## DATASET ENTRIES:
Start of Block

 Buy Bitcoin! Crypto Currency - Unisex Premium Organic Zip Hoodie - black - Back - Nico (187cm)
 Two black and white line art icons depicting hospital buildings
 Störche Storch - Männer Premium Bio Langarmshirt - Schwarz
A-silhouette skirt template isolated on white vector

End of Block
Start of Block

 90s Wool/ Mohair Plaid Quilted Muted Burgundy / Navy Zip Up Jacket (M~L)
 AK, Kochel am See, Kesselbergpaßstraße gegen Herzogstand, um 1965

End of Block

## WORK ORDER:
Reproduce exactly, and with no other material, the lines between those holding "Buy Bitcoin! Crypto" and "A-silhouette skirt template", inclusive.

## THE ANSWER:
 Buy Bitcoin! Crypto Currency - Unisex Premium Organic Zip Hoodie - black - Back - Nico (187cm)
 Two black and white line art icons depicting hospital buildings
 Störche Storch - Männer Premium Bio Langarmshirt - Schwarz
A-silhouette skirt template isolated on white vector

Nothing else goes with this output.